SOURCE DATA =
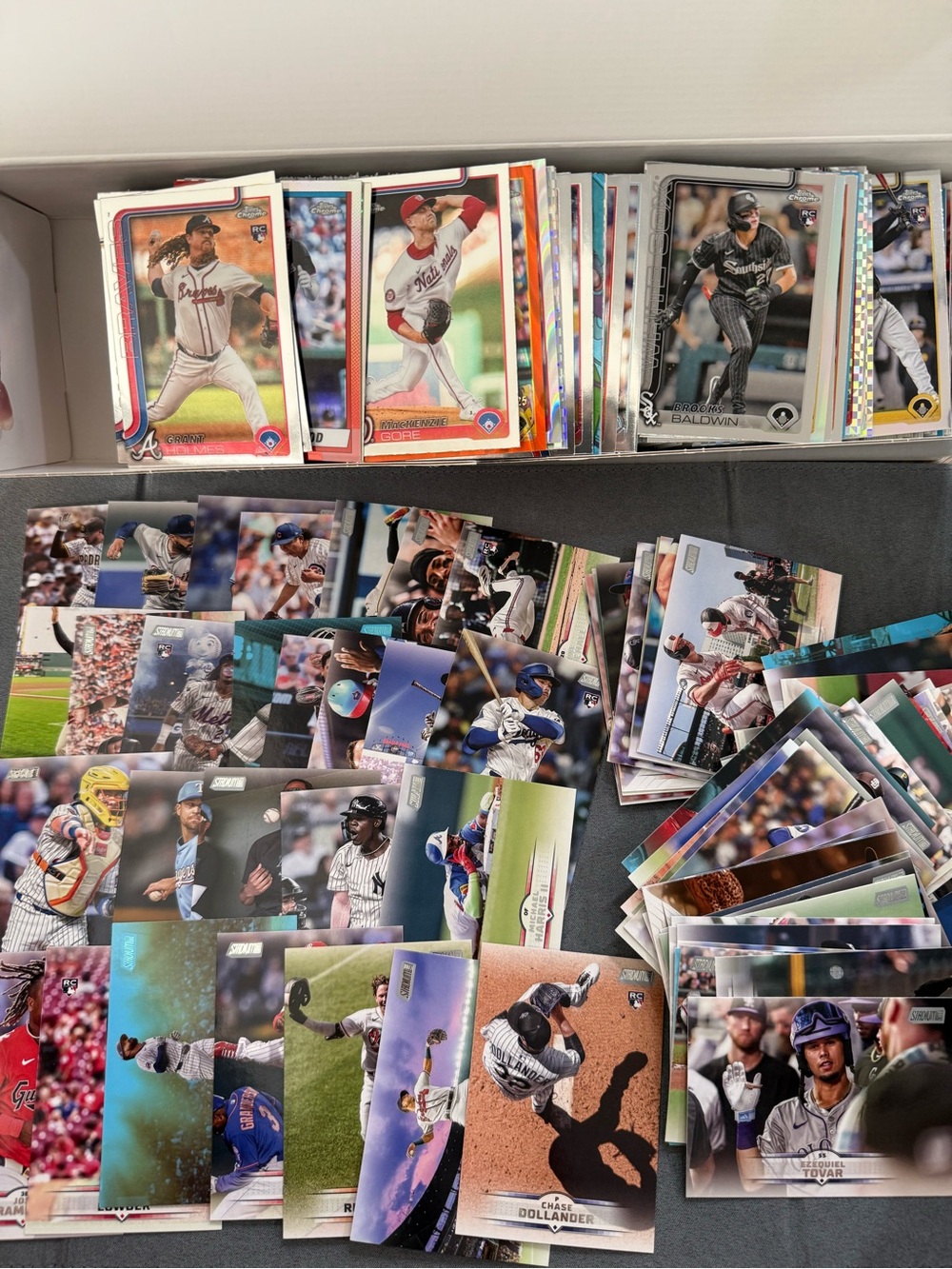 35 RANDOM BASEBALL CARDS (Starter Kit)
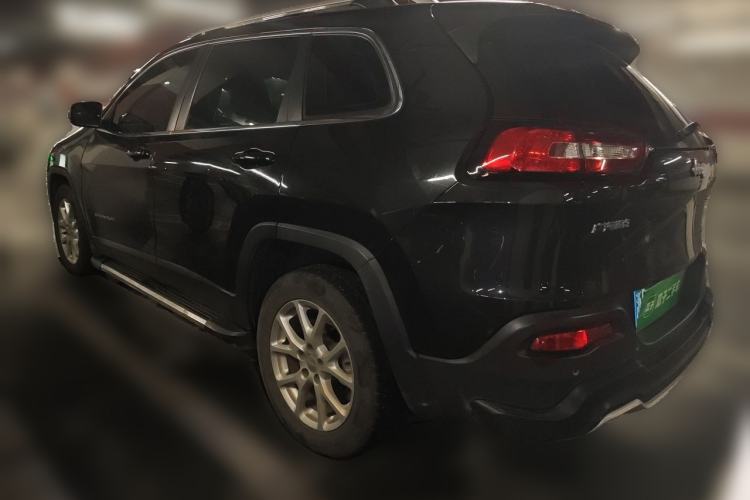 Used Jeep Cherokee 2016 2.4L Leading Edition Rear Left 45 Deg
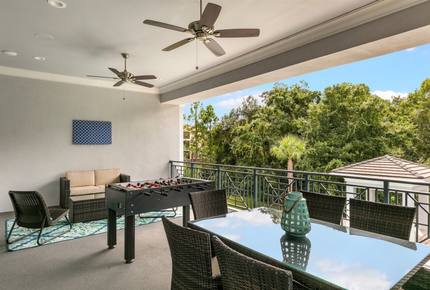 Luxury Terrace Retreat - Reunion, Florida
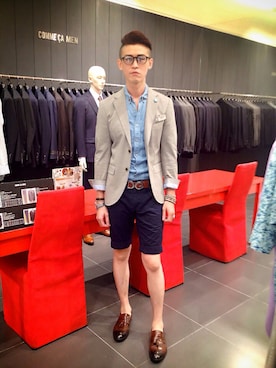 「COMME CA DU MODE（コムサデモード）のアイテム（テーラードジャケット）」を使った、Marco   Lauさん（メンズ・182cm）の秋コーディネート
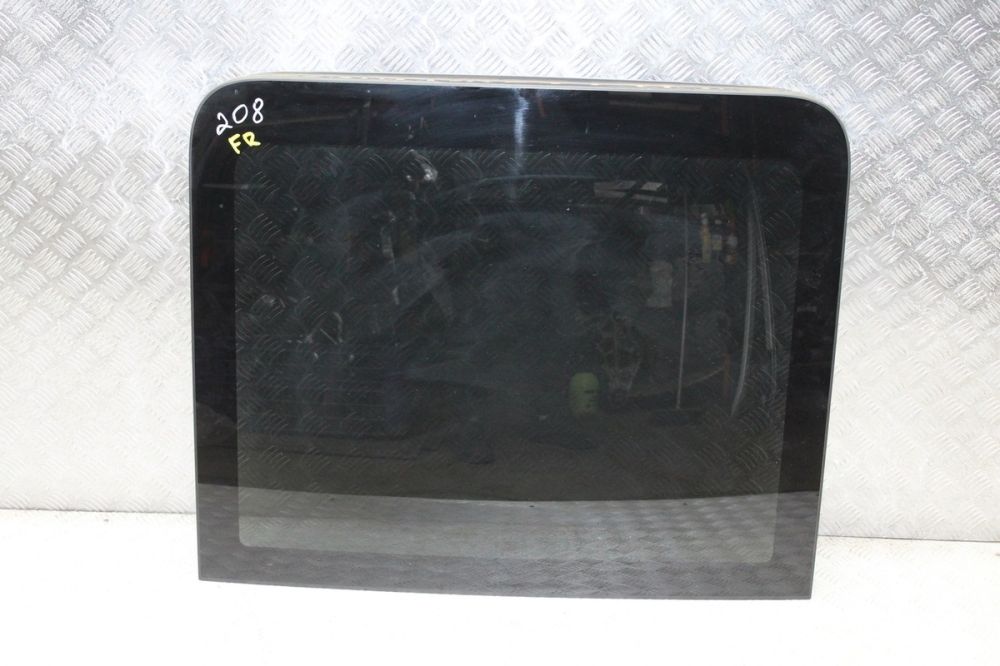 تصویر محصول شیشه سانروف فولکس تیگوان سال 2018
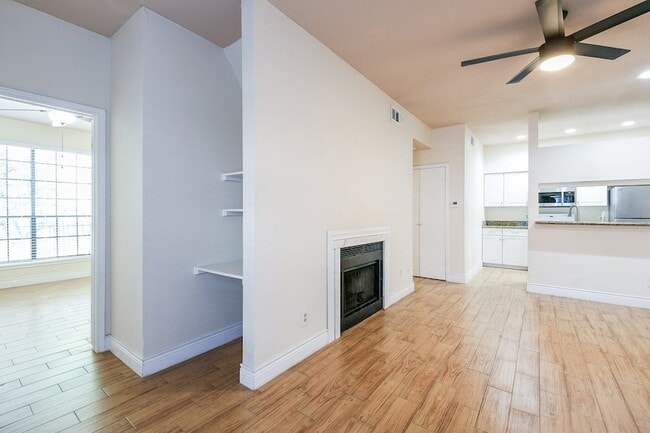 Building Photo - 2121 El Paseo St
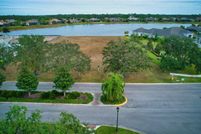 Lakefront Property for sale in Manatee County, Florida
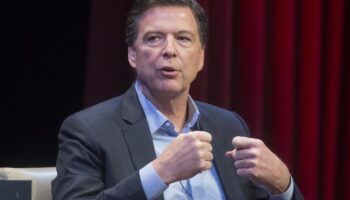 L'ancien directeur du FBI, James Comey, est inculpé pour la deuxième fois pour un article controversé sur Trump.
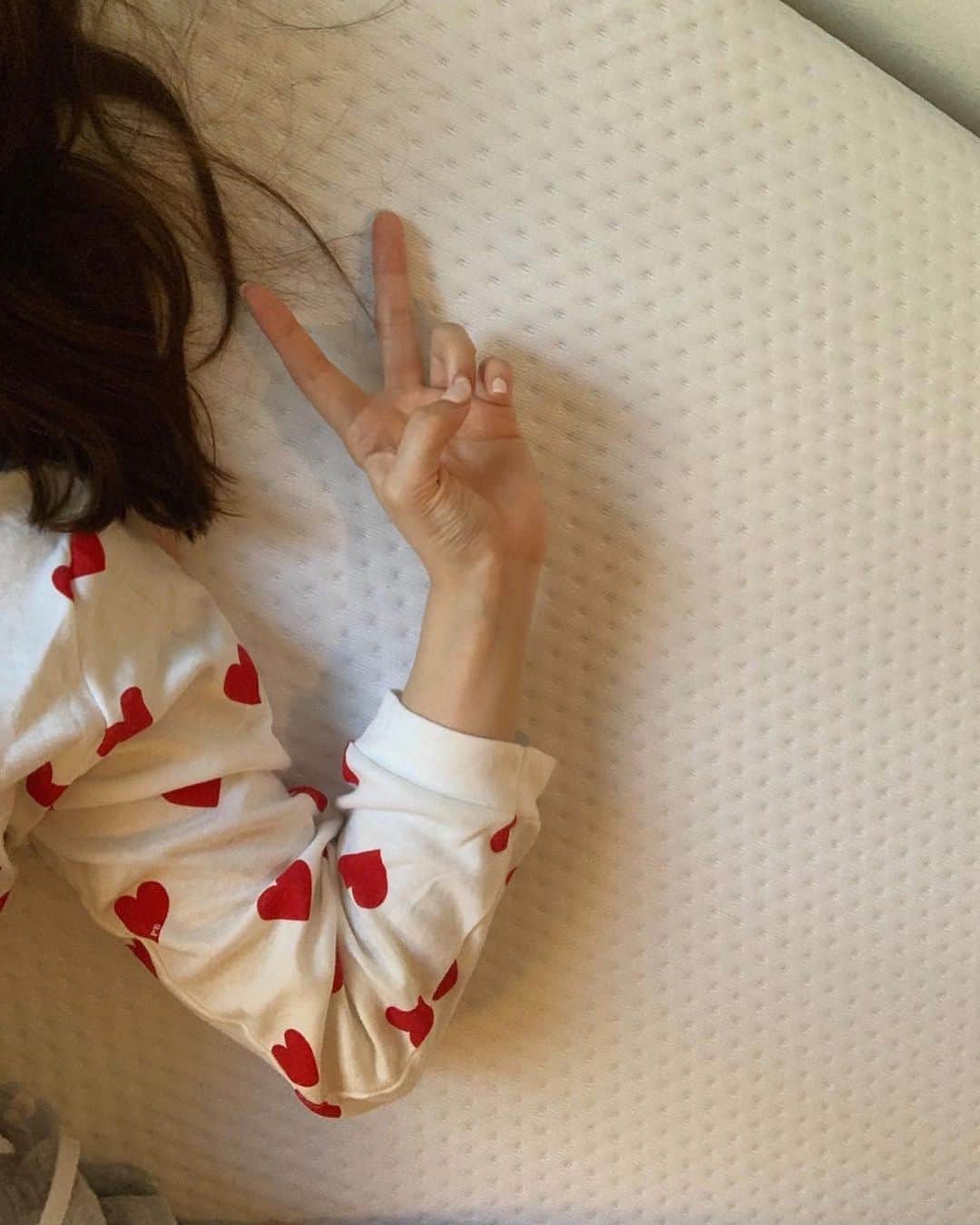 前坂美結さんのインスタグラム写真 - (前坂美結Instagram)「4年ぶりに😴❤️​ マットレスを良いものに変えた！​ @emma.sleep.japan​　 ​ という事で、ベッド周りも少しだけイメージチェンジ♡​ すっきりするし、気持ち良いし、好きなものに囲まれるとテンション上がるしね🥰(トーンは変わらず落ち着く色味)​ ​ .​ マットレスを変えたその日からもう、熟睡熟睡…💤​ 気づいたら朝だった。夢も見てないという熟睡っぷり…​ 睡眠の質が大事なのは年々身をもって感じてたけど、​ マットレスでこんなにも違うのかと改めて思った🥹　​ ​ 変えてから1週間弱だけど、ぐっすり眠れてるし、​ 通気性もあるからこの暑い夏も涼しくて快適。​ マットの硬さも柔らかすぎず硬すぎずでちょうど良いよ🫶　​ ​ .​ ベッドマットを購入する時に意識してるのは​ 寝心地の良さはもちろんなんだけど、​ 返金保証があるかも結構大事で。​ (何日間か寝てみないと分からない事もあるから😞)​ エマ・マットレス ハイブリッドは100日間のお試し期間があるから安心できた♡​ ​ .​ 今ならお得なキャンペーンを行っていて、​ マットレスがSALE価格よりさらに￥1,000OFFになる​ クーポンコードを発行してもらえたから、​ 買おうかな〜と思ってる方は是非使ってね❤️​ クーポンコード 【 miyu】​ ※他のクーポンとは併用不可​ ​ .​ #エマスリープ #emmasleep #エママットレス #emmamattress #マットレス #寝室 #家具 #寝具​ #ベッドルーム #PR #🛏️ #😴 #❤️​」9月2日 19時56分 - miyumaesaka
...
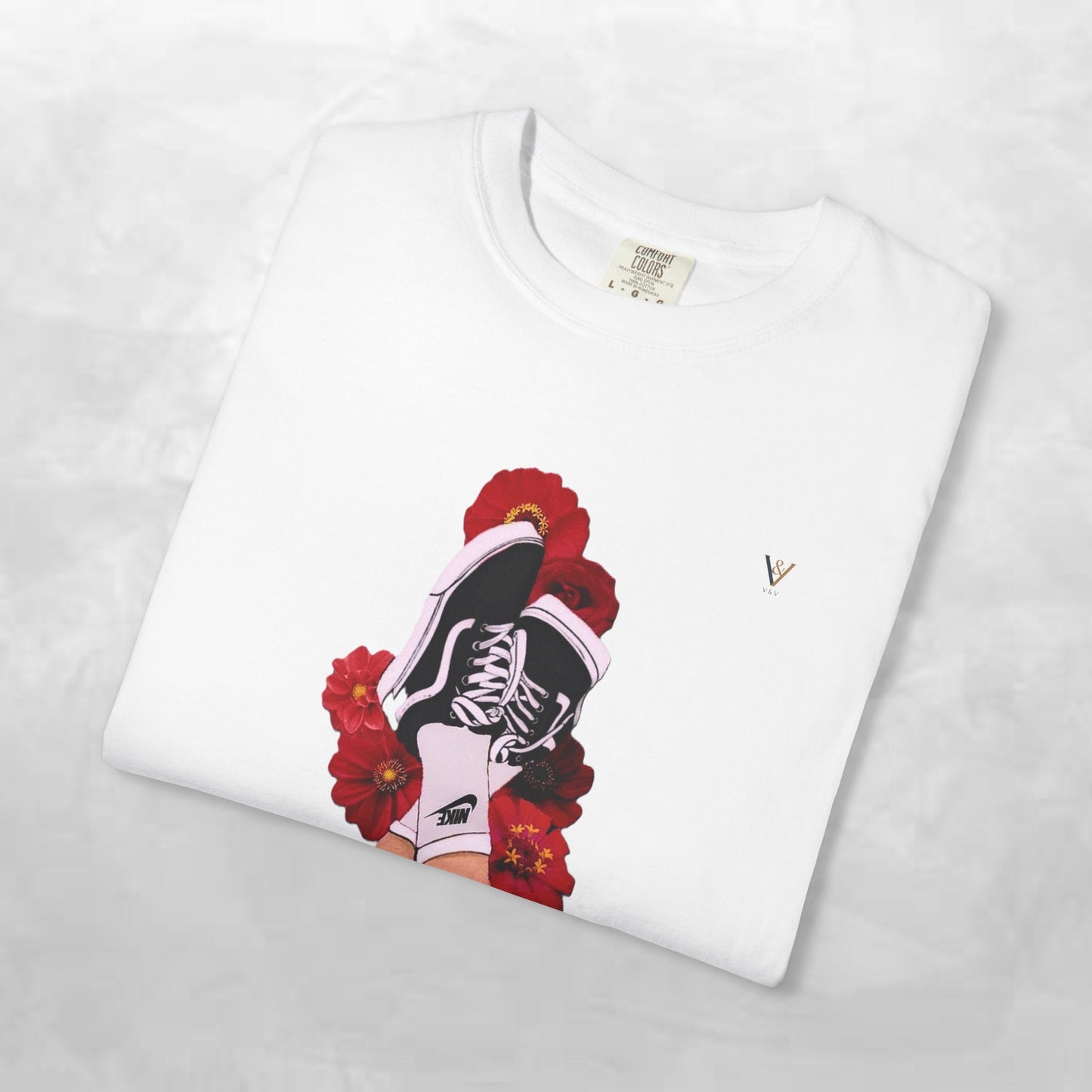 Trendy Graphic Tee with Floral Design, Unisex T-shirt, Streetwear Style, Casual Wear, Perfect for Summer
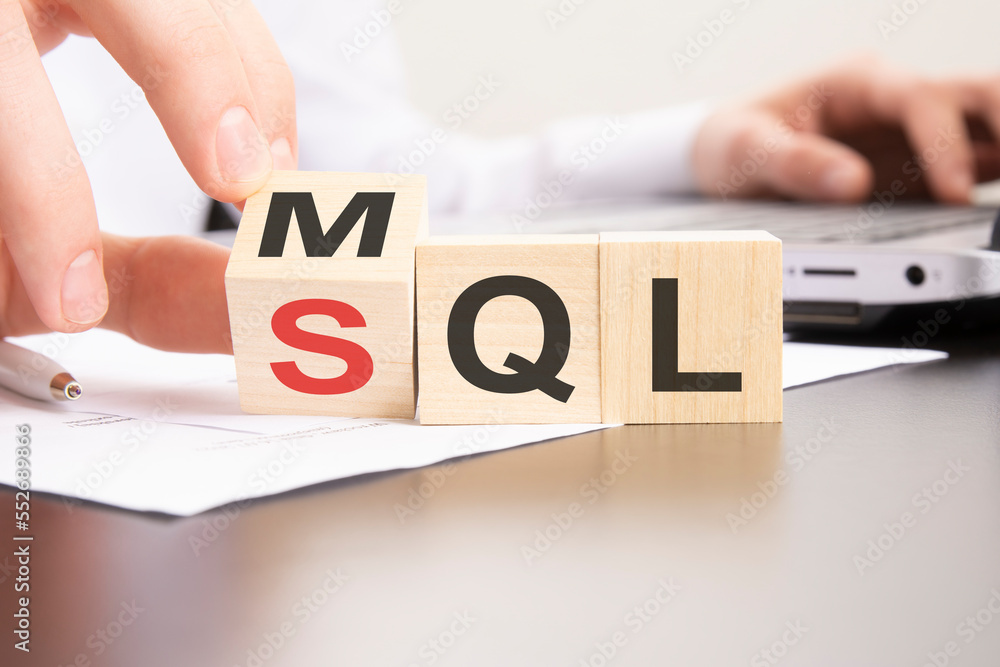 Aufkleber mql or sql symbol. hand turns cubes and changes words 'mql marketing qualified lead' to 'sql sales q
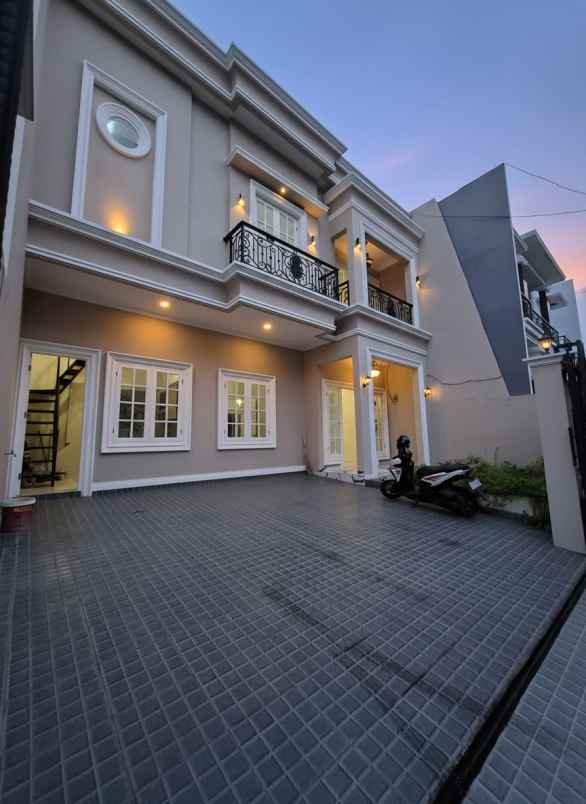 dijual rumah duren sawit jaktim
...
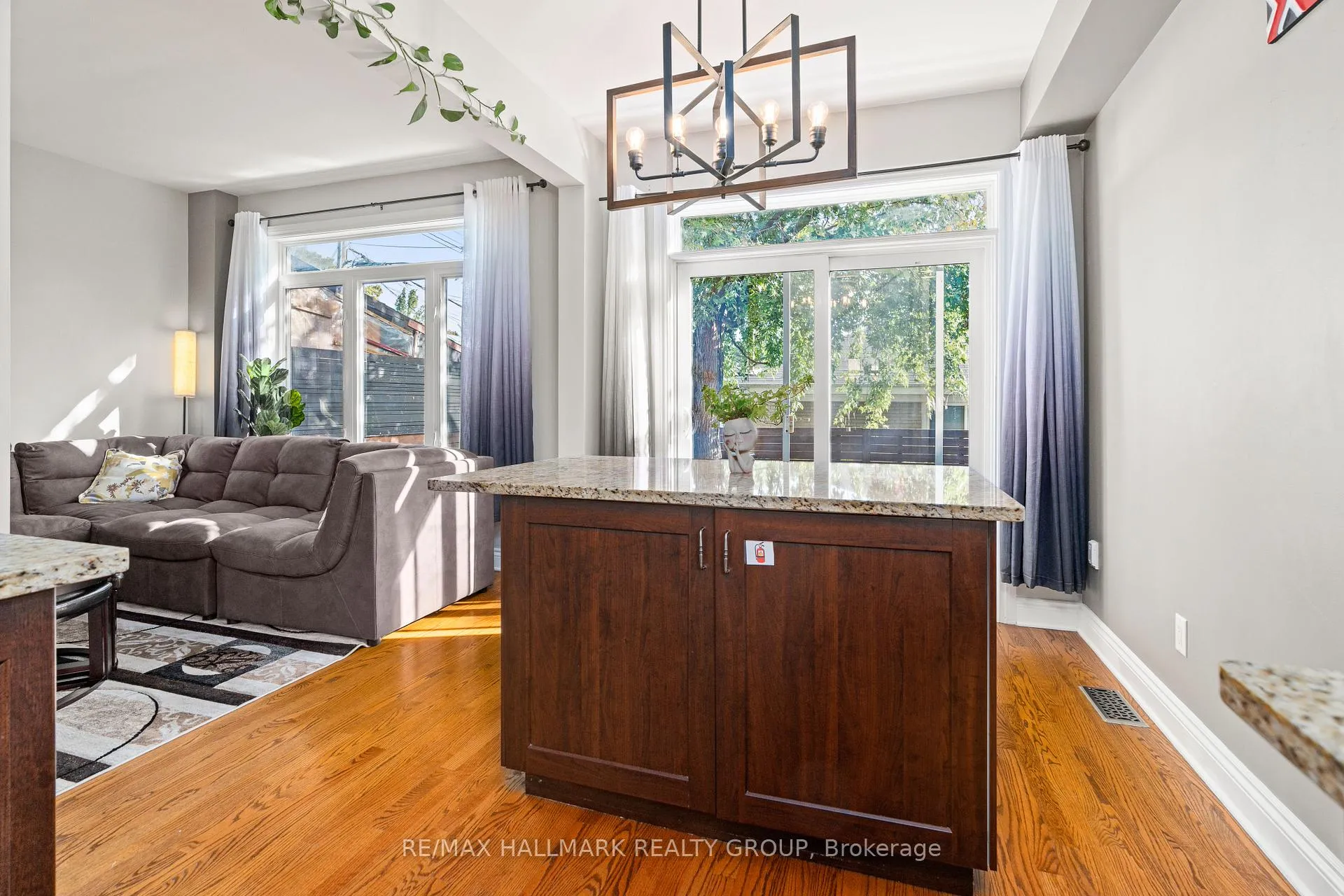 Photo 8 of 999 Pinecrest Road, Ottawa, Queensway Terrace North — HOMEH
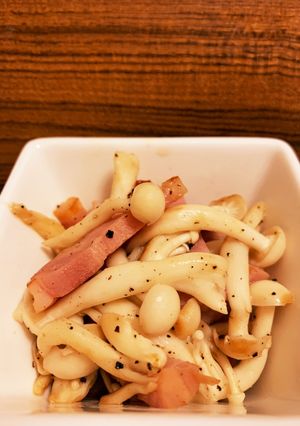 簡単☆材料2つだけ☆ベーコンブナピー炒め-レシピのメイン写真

EXERCISE DETAILS =
Output exactly the lines above, beginning at the one with "35 RANDOM BASEBALL CARDS (Starter Kit)" and stopping after the one with "前坂美結さんのインスタグラム写真 - (前坂美結Instagram)「4年ぶりに😴❤️​". Pictures are to be omitted.

RESPONSE BELOW =
 35 RANDOM BASEBALL CARDS (Starter Kit)
 Used Jeep Cherokee 2016 2.4L Leading Edition Rear Left 45 Deg
 Luxury Terrace Retreat - Reunion, Florida
 「COMME CA DU MODE（コムサデモード）のアイテム（テーラードジャケット）」を使った、Marco   Lauさん（メンズ・182cm）の秋コーディネート
 تصویر محصول شیشه سانروف فولکس تیگوان سال 2018
 Building Photo - 2121 El Paseo St
 Lakefront Property for sale in Manatee County, Florida
 L'ancien directeur du FBI, James Comey, est inculpé pour la deuxième fois pour un article controversé sur Trump.
 前坂美結さんのインスタグラム写真 - (前坂美結Instagram)「4年ぶりに😴❤️​ マットレスを良いものに変えた！​ @emma.sleep.japan​　 ​ という事で、ベッド周りも少しだけイメージチェンジ♡​ すっきりするし、気持ち良いし、好きなものに囲まれるとテンション上がるしね🥰(トーンは変わらず落ち着く色味)​ ​ .​ マットレスを変えたその日からもう、熟睡熟睡…💤​ 気づいたら朝だった。夢も見てないという熟睡っぷり…​ 睡眠の質が大事なのは年々身をもって感じてたけど、​ マットレスでこんなにも違うのかと改めて思った🥹　​ ​ 変えてから1週間弱だけど、ぐっすり眠れてるし、​ 通気性もあるからこの暑い夏も涼しくて快適。​ マットの硬さも柔らかすぎず硬すぎずでちょうど良いよ🫶　​ ​ .​ ベッドマットを購入する時に意識してるのは​ 寝心地の良さはもちろんなんだけど、​ 返金保証があるかも結構大事で。​ (何日間か寝てみないと分からない事もあるから😞)​ エマ・マットレス ハイブリッドは100日間のお試し期間があるから安心できた♡​ ​ .​ 今ならお得なキャンペーンを行っていて、​ マットレスがSALE価格よりさらに￥1,000OFFになる​ クーポンコードを発行してもらえたから、​ 買おうかな〜と思ってる方は是非使ってね❤️​ クーポンコード 【 miyu】​ ※他のクーポンとは併用不可​ ​ .​ #エマスリープ #emmasleep #エママットレス #emmamattress #マットレス #寝室 #家具 #寝具​ #ベッドルーム #PR #🛏️ #😴 #❤️​」9月2日 19時56分 - miyumaesaka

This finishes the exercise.